So... It has indeed been a hot needle stuck into my eye, through the existence of ED, that explosions are pre-animated sprites, rather than particle systems - preferrably with some complexity to them.

I am not against sprites as such, though. Everybody still use them to this day, and they are used in particle systems to produce some rater convincing, and sometimes stunning, fire and smoke effects, even with stereo vision.

The illusion just breaks immediately in Elite, though, because their camera tracking behaviour (...and possibly their parenting and/or designated tracking target) is... a little too officious; They really shouldn't match rotation on the roll axis - only the two others.

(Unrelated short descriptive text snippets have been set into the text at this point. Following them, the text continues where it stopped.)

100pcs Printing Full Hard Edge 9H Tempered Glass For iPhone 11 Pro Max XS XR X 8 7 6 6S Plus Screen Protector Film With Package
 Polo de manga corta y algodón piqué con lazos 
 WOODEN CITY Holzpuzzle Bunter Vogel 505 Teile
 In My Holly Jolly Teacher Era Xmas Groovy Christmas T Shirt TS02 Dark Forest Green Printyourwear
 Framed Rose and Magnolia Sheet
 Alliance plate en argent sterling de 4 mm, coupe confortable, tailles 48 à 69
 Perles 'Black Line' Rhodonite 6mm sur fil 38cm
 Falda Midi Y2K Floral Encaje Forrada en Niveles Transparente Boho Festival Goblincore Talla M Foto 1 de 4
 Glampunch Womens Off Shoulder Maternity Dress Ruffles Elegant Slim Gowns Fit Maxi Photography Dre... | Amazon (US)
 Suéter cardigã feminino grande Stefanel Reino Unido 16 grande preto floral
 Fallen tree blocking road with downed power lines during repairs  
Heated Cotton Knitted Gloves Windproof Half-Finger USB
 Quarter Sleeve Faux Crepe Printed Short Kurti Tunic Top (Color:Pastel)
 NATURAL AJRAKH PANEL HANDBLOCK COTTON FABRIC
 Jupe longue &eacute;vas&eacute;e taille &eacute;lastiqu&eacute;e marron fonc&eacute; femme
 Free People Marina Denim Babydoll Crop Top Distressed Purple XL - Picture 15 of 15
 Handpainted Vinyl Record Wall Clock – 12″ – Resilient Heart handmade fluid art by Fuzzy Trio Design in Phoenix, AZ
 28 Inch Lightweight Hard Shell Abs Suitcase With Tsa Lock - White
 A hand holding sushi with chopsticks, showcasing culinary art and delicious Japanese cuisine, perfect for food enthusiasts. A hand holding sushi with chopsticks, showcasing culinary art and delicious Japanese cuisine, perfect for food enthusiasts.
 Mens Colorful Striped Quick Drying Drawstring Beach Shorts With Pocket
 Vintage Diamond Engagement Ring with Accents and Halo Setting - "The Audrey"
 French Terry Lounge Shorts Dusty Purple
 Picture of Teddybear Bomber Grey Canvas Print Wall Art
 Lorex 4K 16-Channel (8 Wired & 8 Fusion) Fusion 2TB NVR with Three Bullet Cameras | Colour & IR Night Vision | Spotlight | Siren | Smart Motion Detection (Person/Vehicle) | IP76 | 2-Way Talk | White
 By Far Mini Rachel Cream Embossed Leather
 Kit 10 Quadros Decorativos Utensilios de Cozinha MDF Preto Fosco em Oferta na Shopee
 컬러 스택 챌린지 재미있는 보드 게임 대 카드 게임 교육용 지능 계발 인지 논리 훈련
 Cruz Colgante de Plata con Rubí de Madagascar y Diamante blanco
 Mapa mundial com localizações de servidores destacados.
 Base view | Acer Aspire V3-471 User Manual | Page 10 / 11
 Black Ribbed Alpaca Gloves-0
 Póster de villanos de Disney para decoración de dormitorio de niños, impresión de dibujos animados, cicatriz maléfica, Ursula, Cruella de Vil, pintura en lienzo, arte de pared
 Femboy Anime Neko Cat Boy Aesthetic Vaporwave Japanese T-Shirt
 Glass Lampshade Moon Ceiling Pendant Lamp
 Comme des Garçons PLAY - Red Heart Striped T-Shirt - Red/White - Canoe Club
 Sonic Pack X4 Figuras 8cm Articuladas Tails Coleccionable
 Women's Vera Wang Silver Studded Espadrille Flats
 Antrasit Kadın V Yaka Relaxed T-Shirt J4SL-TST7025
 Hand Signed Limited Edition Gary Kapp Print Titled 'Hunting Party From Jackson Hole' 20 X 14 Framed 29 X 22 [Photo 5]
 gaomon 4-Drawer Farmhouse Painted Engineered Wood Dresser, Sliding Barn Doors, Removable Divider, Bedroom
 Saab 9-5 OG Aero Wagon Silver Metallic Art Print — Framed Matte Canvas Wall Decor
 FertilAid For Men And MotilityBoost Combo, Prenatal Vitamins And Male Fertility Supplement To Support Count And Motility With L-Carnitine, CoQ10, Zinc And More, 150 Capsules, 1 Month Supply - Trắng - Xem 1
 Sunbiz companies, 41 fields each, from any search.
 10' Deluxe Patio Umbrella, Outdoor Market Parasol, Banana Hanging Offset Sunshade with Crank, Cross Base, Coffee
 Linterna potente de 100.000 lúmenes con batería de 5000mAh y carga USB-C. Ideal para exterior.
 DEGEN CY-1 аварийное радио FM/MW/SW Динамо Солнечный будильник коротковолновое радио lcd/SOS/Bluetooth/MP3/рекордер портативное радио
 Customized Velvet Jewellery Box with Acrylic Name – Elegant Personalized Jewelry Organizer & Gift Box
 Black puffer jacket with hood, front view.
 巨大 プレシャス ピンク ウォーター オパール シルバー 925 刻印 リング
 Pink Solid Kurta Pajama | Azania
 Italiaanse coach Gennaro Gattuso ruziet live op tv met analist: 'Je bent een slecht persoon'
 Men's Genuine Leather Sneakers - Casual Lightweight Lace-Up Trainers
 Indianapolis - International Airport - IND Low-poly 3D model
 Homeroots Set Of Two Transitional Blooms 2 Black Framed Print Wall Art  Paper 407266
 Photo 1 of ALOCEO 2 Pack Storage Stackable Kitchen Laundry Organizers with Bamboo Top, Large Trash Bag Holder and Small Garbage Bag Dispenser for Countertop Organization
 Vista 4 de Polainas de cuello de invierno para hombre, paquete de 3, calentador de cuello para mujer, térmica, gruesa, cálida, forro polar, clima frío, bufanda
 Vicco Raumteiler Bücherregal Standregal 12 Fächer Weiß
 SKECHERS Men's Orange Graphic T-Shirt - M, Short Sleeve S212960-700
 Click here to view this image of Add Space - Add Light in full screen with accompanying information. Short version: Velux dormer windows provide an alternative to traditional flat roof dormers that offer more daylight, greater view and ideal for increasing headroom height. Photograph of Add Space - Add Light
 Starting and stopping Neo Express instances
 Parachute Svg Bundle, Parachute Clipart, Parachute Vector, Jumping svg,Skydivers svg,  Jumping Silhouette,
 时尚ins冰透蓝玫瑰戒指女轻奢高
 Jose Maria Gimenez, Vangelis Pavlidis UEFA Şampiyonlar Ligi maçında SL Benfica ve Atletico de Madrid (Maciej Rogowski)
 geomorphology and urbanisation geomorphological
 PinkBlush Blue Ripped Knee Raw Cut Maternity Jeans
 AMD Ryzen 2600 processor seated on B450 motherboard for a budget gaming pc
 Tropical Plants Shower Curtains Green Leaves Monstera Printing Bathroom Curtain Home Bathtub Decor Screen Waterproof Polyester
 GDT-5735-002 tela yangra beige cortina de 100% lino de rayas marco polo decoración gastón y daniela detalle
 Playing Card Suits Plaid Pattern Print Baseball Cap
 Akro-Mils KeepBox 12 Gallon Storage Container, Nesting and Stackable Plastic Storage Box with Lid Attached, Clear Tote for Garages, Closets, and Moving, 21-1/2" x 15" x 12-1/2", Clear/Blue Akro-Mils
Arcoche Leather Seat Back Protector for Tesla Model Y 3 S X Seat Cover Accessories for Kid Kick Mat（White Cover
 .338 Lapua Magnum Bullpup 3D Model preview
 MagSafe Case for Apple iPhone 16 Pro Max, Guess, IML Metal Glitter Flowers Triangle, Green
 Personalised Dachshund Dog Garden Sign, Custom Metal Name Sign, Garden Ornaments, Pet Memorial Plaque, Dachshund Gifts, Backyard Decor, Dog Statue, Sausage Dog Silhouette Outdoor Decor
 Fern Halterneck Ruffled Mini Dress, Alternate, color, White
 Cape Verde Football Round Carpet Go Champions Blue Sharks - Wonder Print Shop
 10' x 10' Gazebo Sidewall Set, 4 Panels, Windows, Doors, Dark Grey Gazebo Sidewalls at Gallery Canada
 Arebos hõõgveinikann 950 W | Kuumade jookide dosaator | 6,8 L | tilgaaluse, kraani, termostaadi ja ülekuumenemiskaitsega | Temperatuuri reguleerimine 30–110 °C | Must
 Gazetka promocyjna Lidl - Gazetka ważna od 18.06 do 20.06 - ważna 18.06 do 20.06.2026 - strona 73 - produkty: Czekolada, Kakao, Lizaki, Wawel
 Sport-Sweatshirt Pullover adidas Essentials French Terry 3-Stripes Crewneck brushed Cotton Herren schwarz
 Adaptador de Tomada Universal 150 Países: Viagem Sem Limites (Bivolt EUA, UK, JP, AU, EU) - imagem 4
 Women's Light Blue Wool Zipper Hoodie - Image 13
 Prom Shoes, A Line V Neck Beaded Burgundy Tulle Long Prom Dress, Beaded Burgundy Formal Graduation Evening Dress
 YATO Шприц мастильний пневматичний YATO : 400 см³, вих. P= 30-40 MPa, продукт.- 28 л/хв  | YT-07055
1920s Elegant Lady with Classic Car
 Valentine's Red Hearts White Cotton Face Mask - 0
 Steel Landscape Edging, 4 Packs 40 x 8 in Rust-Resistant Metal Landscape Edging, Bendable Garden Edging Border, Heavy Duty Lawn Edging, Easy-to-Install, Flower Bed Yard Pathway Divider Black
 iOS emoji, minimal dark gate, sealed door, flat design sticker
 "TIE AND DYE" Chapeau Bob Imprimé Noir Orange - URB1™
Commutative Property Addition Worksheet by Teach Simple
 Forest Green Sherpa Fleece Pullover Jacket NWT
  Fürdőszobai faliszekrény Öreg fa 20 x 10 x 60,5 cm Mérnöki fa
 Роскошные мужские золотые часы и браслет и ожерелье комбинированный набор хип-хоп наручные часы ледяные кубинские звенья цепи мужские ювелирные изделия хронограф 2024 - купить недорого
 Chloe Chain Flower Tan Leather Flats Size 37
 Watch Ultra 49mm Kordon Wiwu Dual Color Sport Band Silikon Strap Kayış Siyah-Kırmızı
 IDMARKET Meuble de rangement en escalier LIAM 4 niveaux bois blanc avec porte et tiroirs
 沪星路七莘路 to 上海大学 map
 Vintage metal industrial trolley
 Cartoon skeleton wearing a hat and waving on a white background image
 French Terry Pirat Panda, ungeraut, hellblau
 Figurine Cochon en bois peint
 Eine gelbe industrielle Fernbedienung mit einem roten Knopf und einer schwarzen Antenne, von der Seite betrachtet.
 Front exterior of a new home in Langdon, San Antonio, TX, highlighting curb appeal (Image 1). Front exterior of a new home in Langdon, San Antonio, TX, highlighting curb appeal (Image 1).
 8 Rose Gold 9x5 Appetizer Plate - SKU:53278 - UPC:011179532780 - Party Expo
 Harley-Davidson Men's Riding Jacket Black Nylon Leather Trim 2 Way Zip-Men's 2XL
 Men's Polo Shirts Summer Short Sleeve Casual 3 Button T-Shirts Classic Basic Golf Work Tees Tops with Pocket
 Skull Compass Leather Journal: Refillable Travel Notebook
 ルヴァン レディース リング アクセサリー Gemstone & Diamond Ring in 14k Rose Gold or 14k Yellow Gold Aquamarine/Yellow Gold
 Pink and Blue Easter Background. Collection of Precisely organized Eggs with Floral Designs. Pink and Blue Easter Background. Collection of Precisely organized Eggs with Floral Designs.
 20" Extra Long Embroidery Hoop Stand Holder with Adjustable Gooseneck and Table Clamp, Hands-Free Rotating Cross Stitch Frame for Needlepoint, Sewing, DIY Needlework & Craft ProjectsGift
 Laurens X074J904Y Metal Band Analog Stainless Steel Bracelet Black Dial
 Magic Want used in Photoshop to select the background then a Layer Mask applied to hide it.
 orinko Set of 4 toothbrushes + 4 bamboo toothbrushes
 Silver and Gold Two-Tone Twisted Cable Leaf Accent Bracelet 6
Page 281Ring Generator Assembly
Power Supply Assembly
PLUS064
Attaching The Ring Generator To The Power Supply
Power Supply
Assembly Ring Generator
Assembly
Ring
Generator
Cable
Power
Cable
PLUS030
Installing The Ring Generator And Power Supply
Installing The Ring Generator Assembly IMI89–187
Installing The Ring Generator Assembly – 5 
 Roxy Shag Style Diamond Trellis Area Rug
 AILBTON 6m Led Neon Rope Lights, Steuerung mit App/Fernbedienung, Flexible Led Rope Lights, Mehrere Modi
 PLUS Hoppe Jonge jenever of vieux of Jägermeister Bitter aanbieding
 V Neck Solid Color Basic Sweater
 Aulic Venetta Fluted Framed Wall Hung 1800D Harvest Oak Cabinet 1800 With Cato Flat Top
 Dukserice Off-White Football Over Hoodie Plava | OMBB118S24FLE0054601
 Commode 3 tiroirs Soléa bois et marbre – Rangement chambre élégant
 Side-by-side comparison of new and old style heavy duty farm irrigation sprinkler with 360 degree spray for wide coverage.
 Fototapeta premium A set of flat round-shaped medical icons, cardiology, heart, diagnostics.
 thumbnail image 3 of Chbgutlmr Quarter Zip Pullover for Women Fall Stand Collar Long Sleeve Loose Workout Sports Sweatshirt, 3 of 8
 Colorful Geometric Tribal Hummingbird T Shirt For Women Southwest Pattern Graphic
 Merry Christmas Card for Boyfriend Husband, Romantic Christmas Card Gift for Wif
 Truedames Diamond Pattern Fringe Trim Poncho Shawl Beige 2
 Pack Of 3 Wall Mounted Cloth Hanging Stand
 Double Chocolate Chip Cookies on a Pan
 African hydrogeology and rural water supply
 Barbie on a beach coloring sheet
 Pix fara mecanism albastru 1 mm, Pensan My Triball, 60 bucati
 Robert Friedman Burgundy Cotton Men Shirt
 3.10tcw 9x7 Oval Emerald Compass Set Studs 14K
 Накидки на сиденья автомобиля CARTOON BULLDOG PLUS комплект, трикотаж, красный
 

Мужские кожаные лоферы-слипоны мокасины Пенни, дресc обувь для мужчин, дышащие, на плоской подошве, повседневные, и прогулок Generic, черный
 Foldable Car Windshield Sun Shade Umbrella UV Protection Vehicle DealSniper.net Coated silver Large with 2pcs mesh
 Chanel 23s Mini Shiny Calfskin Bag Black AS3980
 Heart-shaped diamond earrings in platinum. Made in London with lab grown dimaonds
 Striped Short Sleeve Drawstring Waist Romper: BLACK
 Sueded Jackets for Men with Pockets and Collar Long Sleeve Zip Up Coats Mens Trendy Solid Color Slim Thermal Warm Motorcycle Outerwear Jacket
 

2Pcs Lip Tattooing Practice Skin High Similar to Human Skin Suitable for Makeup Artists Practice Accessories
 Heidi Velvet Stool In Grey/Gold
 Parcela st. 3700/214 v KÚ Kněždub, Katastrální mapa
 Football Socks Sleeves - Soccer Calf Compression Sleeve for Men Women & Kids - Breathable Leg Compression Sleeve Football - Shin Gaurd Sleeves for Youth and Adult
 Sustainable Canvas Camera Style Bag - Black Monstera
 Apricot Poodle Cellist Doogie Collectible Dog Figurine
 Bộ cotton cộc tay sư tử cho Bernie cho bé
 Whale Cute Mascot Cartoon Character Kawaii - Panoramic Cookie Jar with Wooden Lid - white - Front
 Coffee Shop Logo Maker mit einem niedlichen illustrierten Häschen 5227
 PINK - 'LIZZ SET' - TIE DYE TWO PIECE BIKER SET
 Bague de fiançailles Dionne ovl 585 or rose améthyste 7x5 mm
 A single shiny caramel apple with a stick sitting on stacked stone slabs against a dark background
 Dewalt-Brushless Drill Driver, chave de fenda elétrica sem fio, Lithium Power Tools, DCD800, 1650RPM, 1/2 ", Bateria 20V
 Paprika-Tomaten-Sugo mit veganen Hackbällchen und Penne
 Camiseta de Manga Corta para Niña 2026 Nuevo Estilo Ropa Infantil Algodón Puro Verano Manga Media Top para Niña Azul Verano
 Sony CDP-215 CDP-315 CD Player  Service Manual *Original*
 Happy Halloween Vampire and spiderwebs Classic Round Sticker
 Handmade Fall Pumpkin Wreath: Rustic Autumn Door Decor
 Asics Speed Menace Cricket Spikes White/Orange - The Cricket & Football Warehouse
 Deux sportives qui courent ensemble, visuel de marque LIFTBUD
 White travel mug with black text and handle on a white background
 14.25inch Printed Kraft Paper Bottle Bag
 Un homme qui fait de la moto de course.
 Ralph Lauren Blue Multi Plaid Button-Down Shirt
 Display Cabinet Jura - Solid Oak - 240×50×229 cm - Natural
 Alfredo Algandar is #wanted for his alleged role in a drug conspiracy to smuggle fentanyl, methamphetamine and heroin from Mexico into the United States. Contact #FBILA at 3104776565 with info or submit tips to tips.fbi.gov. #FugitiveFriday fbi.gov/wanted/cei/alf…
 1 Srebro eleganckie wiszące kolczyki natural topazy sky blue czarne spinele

...and even when it comes to those others, I am pretty sure (...could be wrong) that when I have been amidst a group of geysers, the observed yaw of the particle sprites that make up the plumes, has not been such that each sprite faces toward the camera's observer point, as you would expect, but they have all matched the absolute space yaw of the camera, so that they are all parallel with the viewplane, meaning any plume that is not straight in front of you, does not face you, but effectively some imaginary person standing next to you. :p

What little hobby "level editing" I have done - long ago now I guess, was on a game that ran on an engine contemporary with Source2, and there, back then, I had a selection of different ways for the sprite to behave, flags to enable rotation for each axis, and could use any object as tracking target.
If I wanted to make a glowy beam, I would simply make one long rectangle with two additively blending texture layers scrolling at different speeds, and set it to only rotate around its lengthwise axis - simple as hell to set up.
I have a hard time imagining Cobra has a more basic sprite "engine", than that old game.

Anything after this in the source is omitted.